◆ ASSIGNED TASK ◆
Drop every image and restate the entries below word for word.

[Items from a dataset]
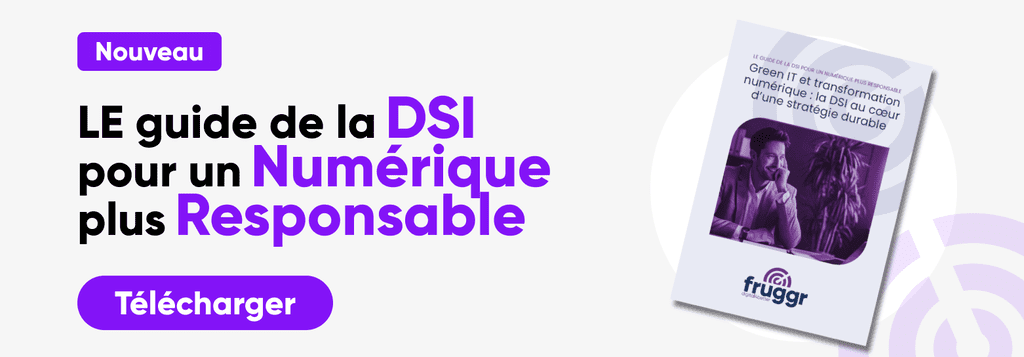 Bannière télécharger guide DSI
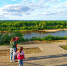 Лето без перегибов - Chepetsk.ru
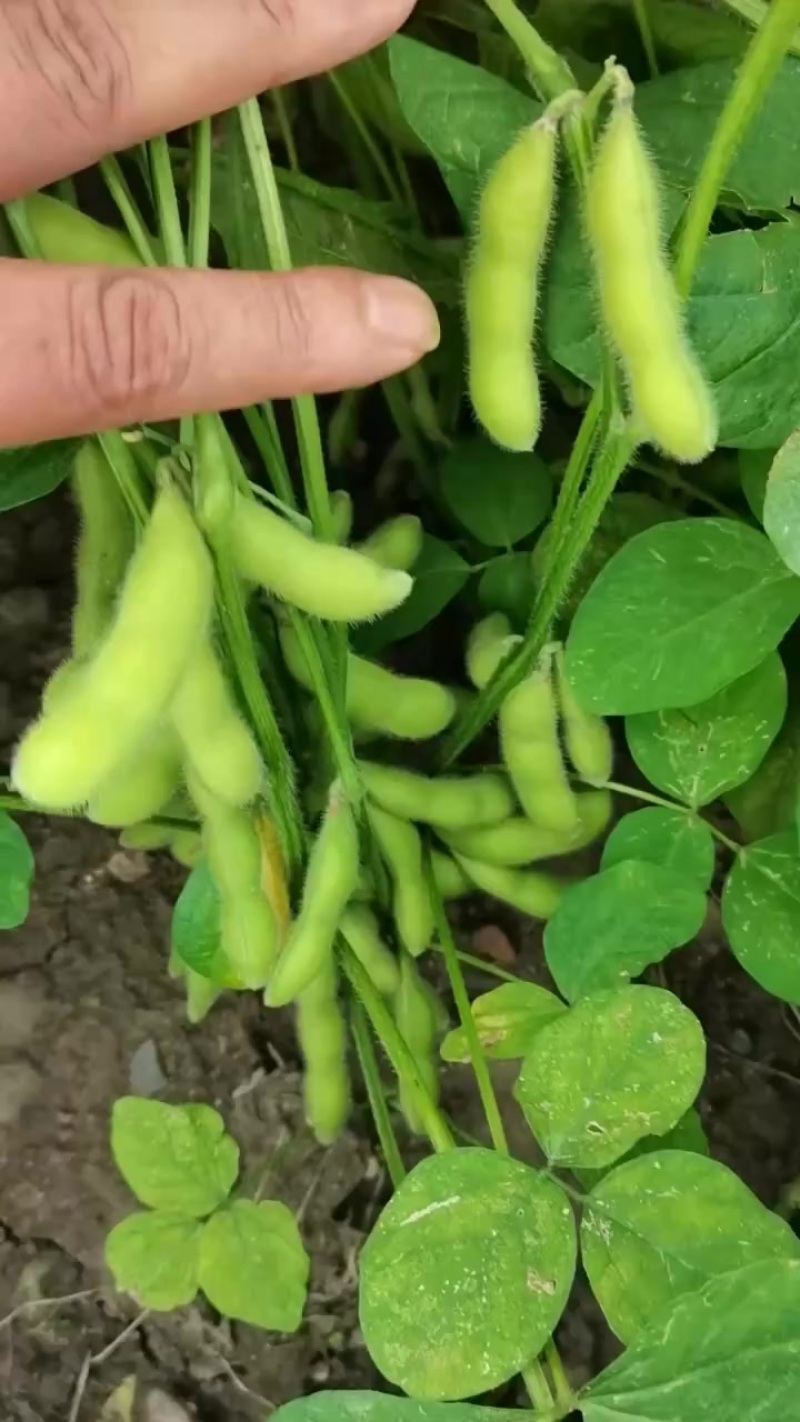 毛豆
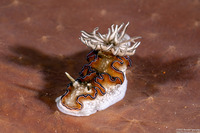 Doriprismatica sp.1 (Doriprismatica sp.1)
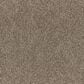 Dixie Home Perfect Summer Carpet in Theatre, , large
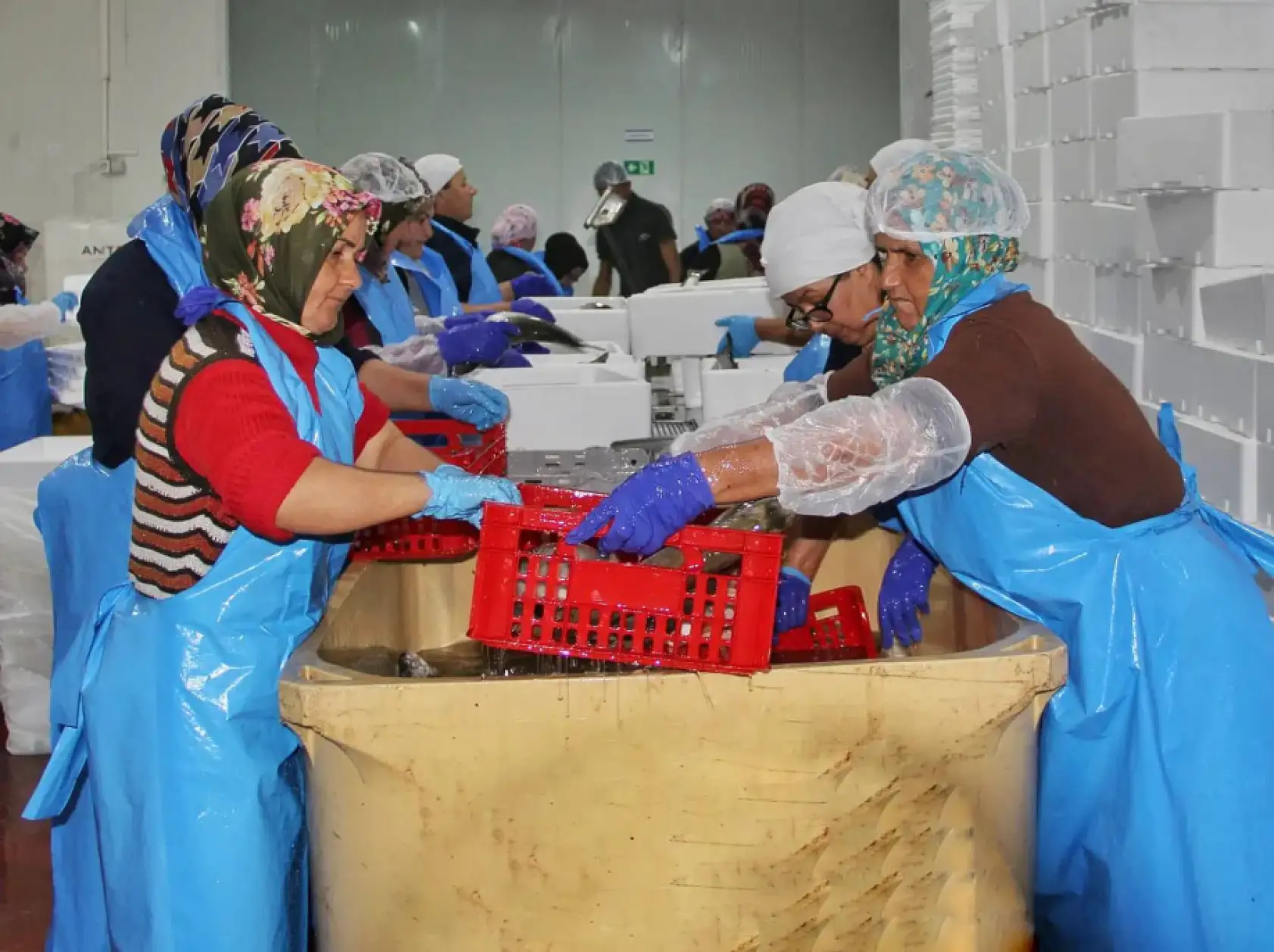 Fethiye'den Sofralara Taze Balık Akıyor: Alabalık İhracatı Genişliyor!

◆ ANSWER BELOW ◆
 Bannière télécharger guide DSI
 Лето без перегибов - Chepetsk.ru
 毛豆
 Doriprismatica sp.1 (Doriprismatica sp.1)
 Dixie Home Perfect Summer Carpet in Theatre, , large
 Fethiye'den Sofralara Taze Balık Akıyor: Alabalık İhracatı Genişliyor!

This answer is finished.